Finding what's truly new in the news

"The news" is best seen as an intermediate good; it's not something you consume as-is, but rather something you process to get answers to your questions. There are many questions that different sites and tools attempt to help answer, including "what just happened?," "what is most relevant to my interests?," "what do (some subset of) other people way think is relevant?," etc.

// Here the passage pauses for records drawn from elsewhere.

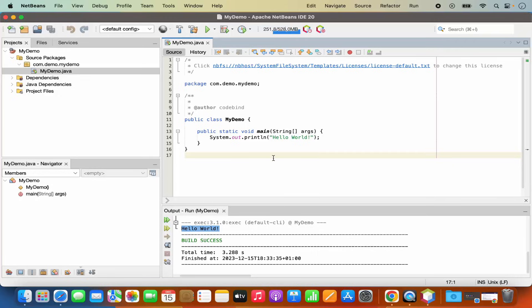So this is how you can download and install NetBeans IDE on your Mac operating system and compile and run your first Java program in it. I hope you've enjoyed this video and I will see you in the next video.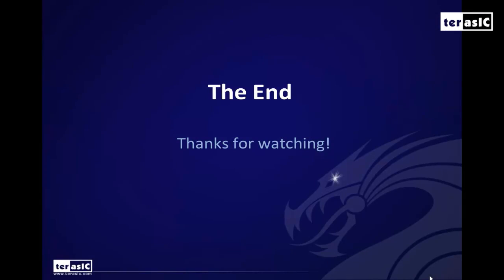Again, for viewing purposes, we tried to keep this as simple as possible, but there are many, many different ways to achieve a color filter, such as using different color spaces or using a distance formula for achieving the specific color that you want and many other ways as well. And I hope you have enjoyed watching this quick tip.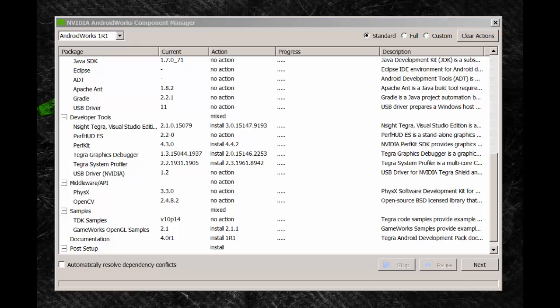In the Component Manager you can see at a glance whether your SDK components are up-to-date or if newer versions exist. If you want to update to the latest version of everything, you can simply click the Next button and everything will be installed with a single click.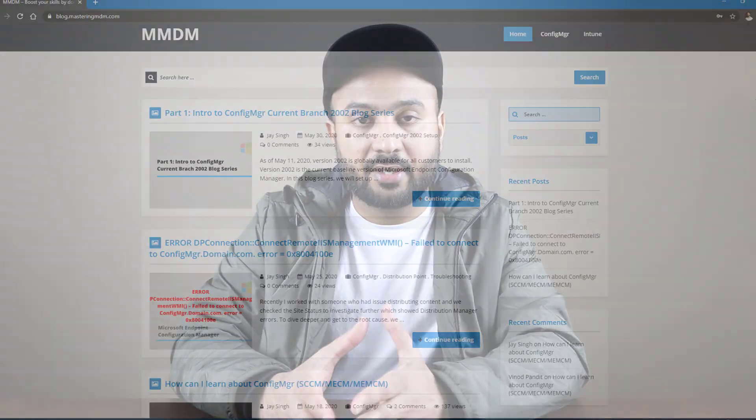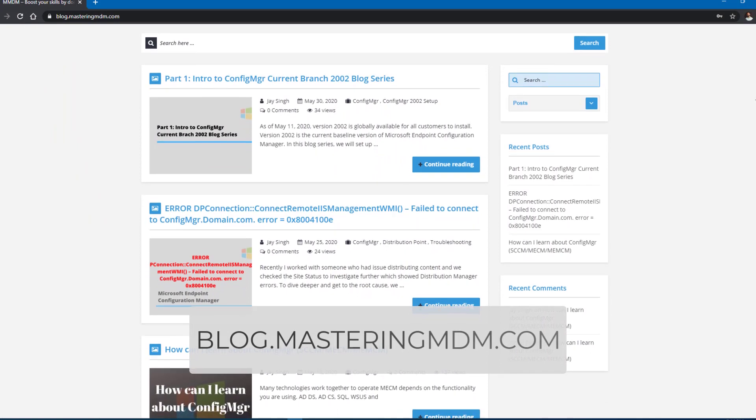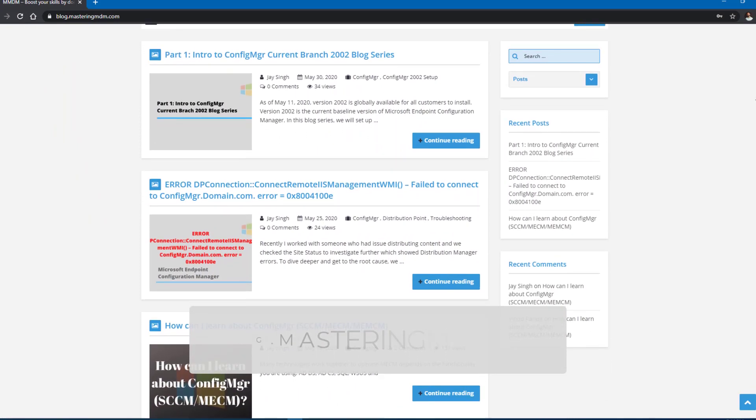Apart from that, I have also started a new blog, which is blog.masteringmdm.com. I will leave a link in the description below so that you can check it out. Once I record a video, for example on installation, it would be hard for me to update the video, so the blog will help if any update or change occurs. I will be writing a blog post for every video that I do on Configuration Manager Current Branch.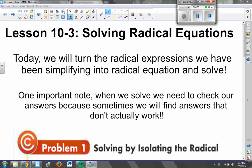All right, Algebra 1b students, welcome to Part 1 of Lesson 10-4. Today we're going to be solving radical equations. We are in Section 10-4, and we're going to be solving radical equations, meaning equations that involve square roots. Essentially what we're going to do is turn the radical expressions that we've been simplifying into radical equations that we can then solve for a certain variable like x.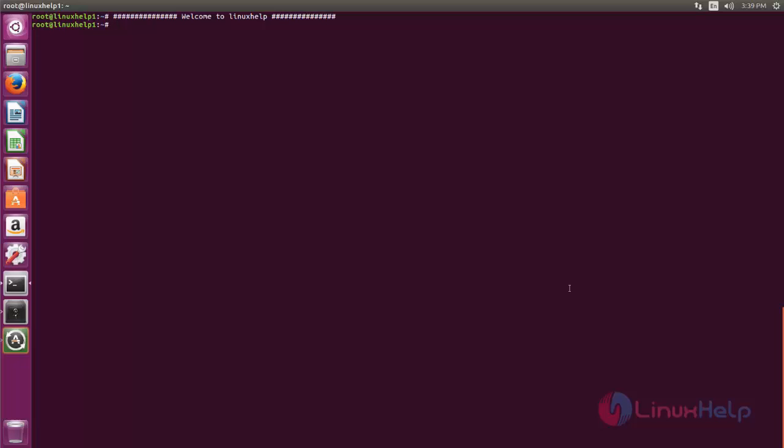Before going to install any package on your Ubuntu machine, you must update your repository. So type the command apt-get update. Now hit enter.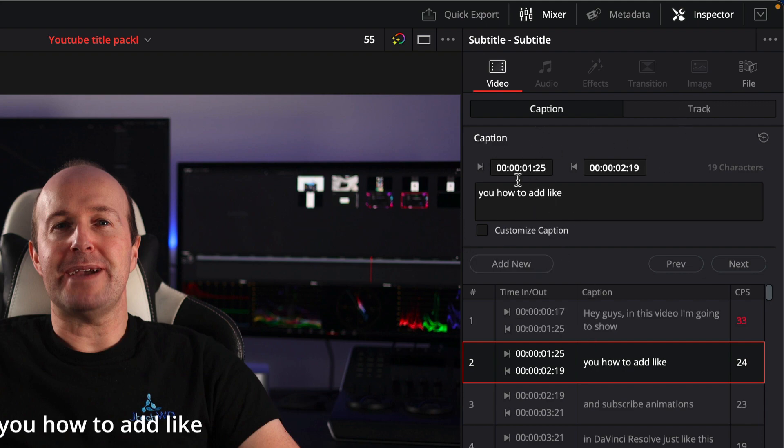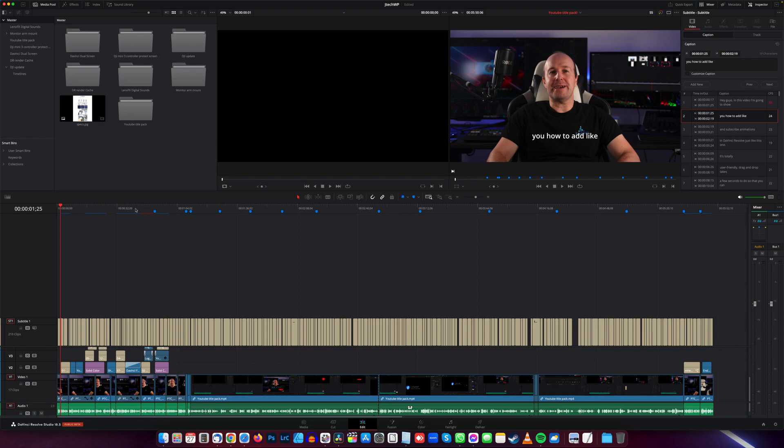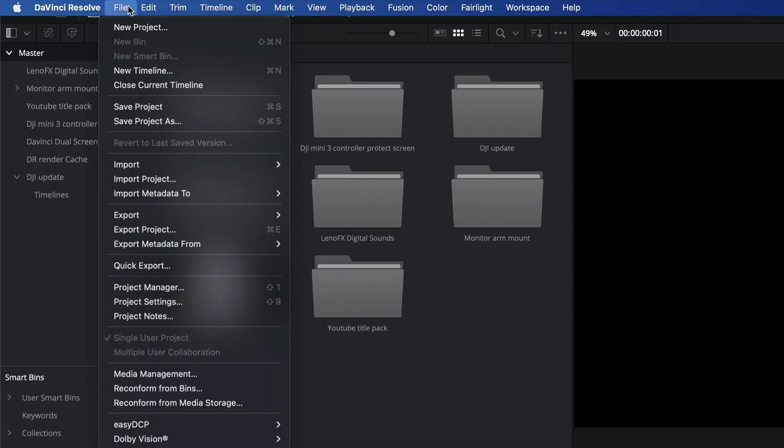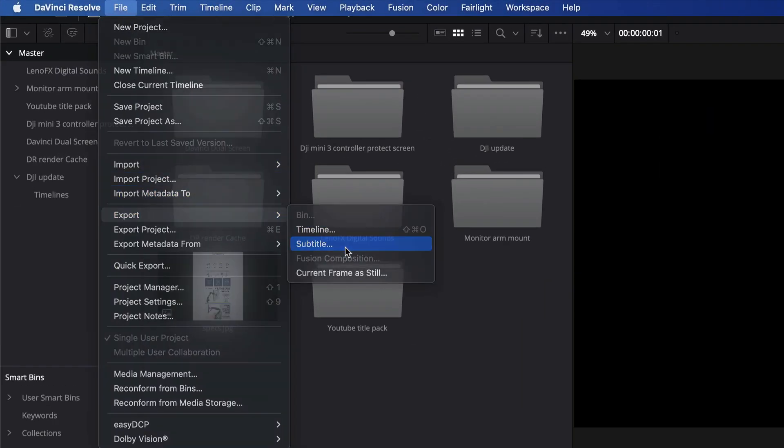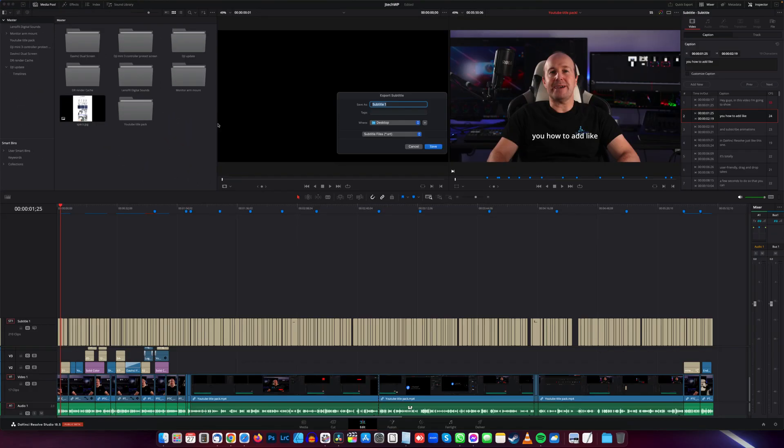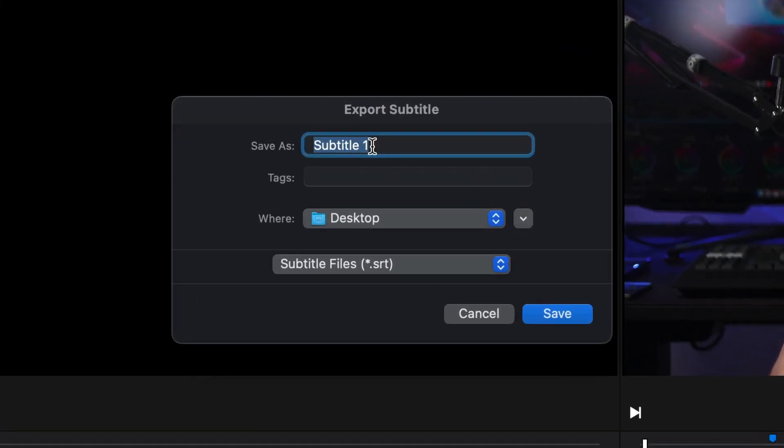What you do then is go up to File, Export, and then Subtitle. Then just give it a name - I always call it the same as my project - and then just press Save. And there you go, you've got an SRT file ready to go.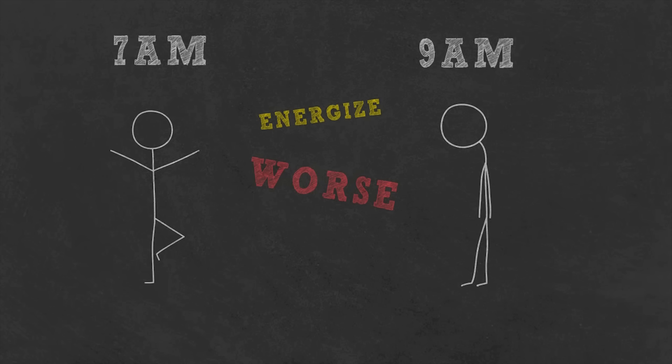Well, first we need to understand how our sleep works, so we can figure out how to manipulate it and wake up alert and refreshed.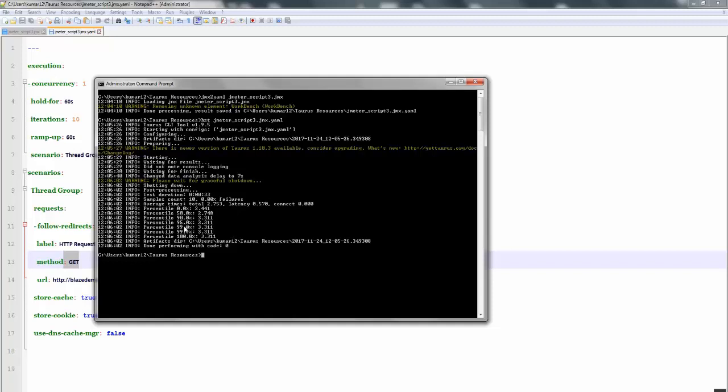So this is very simple — to convert a JMX script to YAML by using the jmx2yaml command line tool.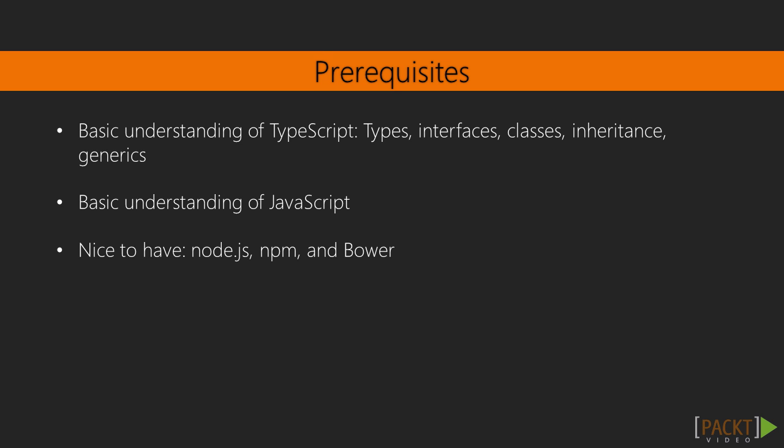Additionally, it's nice to have a basic understanding of Node.js, Node Package Manager, and Bower, but it's not necessary. You'll get through the course fine if you're not familiar with them.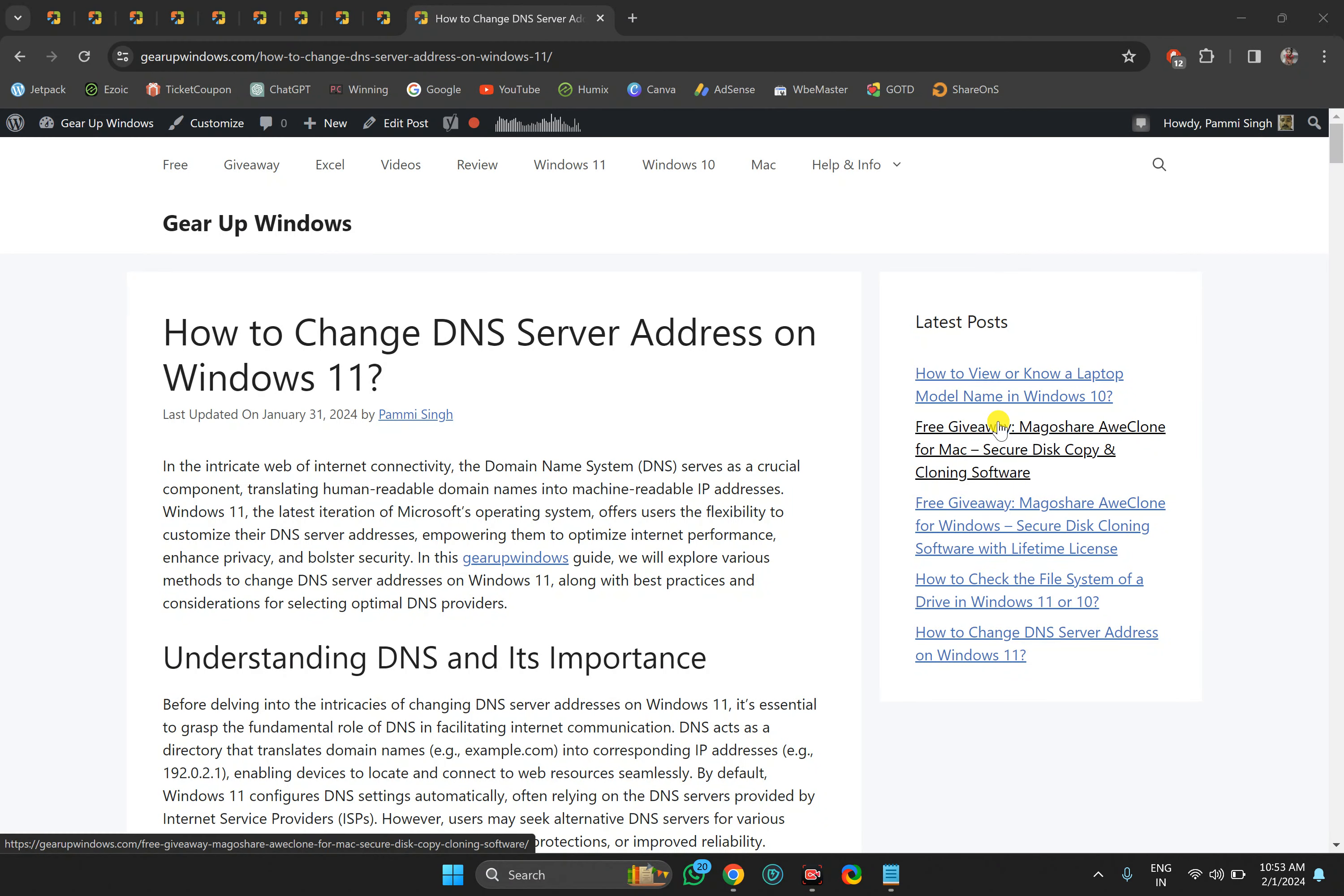Welcome back to Gear Up Windows YouTube channel. In this video, we will guide you on how to change DNS server address on Windows 11 settings.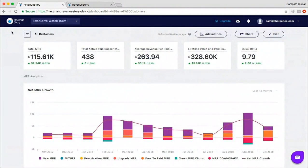The next question: I have multiple sites in ChargeBee — how does the consolidation work? You can choose one primary site under which you want to group all the other sites, and choose one reporting currency. Revenue Story will handle currency conversion and present one consolidated dashboard in the reporting currency.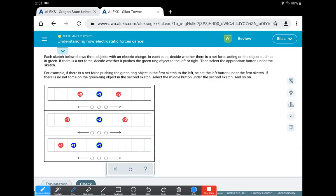So let's look at the first one. So we have a plus three in the middle. Now we got two negatives around it. Now they're going to be attracted. But again, the distance is the same. So we have one, two, three lines, one, two, three lines.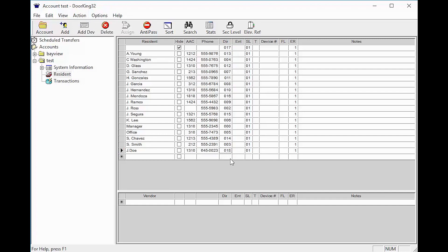DIR is the directory code. This is kind of like the resident folder where all the information is stored. This number will self-populate. It can also be changed but must be unique.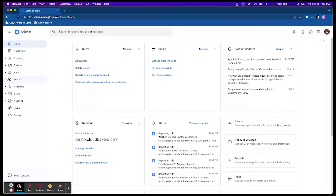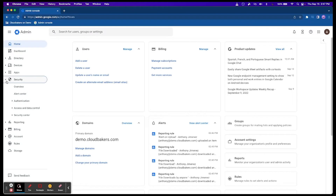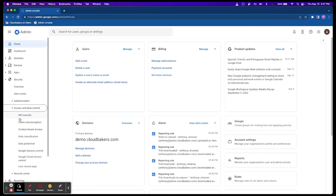Google Session Control helps you control how long users can access Google services such as Drive and Gmail via the web without having to sign in again. For example, for users that work remotely or from untrusted locations, you might want to limit the time that they can access sensitive resources by applying a shorter web session length.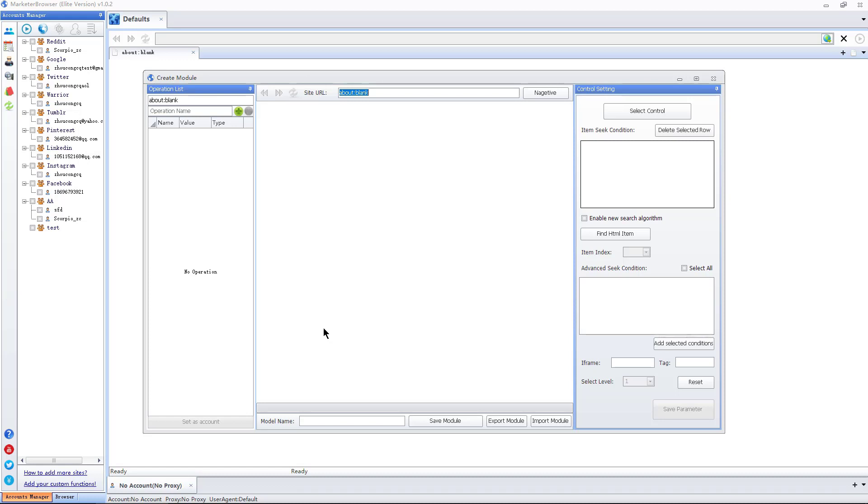I can set an account to auto-login to a site and jump to a specific page. For example, auto-login first, then page check-in, and get back to the account interface finally. This automatic process will save you lots of time.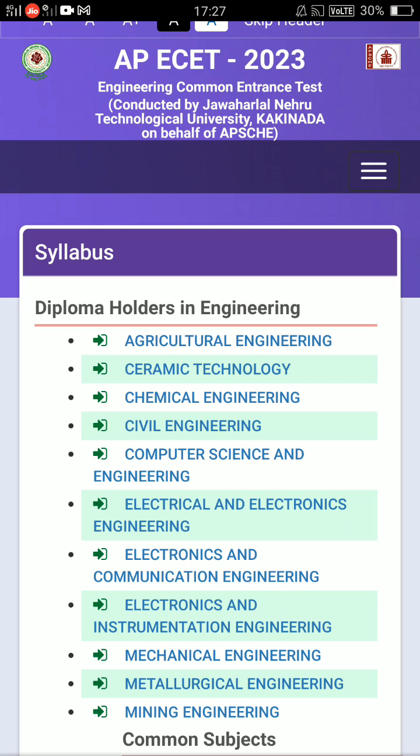You have 200 marks total. 100 marks is for MPC, and another 100 marks is for your separate core branches.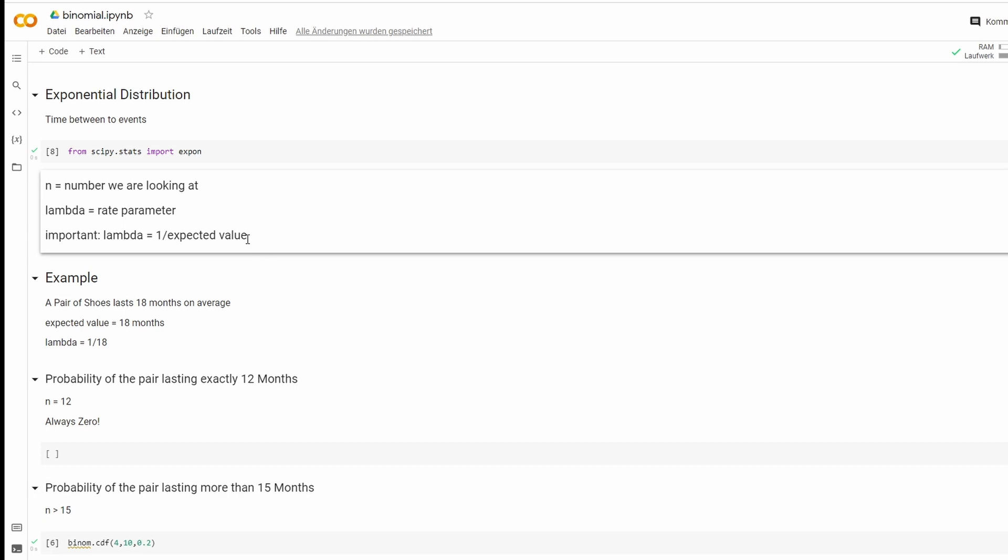I will do expected value in this tutorial. So lambda is the right parameter. And if you have the expected value given, it's one divided by the expected value. Or you just turn it around to the expected value is one divided by lambda.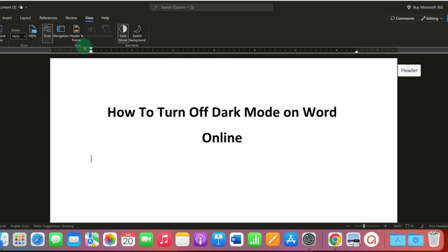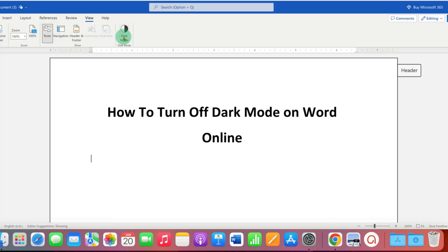But if you want everything to be white, then just click on the dark mode and this will turn off or disable dark mode on Word online.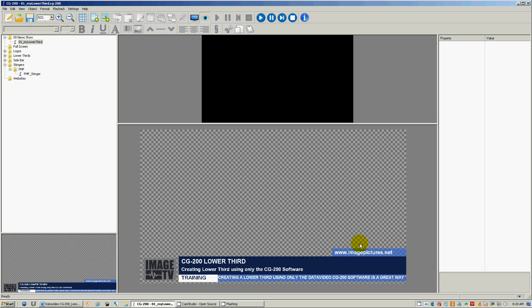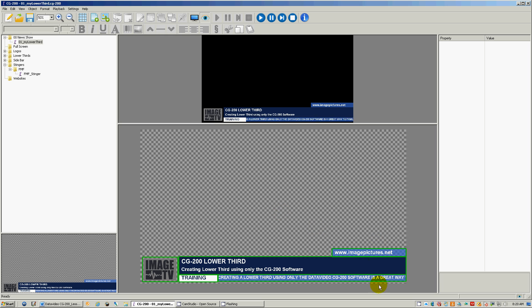During these lessons I will be showing you how to build a lower thirds like seen here, add logos and a ticker. We'll spend some time setting up the animation graphics that we are going to build.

One question that is addressed less often is that of the "surprising". Not what's being written or read about the most, or by the largest number of people, but rather what's being written about more often than statistically expected given the way it had been talked about in the past. So — to use late 2020 examples — a handful of articles about the Brooklyn Nets can be more "surprising" than a much larger number of articles about COVID-19, because the later had been written about a lot recently, while the Brooklyn Nets hadn't. It's far from the only useful concept of interestingness, which is also part of the point: like any other data set, there's not a single useful way to look at the news. But it's an useful one to pick up rising trends regardless of their size.

The What's New in News dashboard is an informal tool I've written to do just that. Driven by data from the quite fantastic New York Times APIs and updated weekly — with absolutely no guarantees — it's a look at the topics that were covered by the NYT in a surprising large number of articles.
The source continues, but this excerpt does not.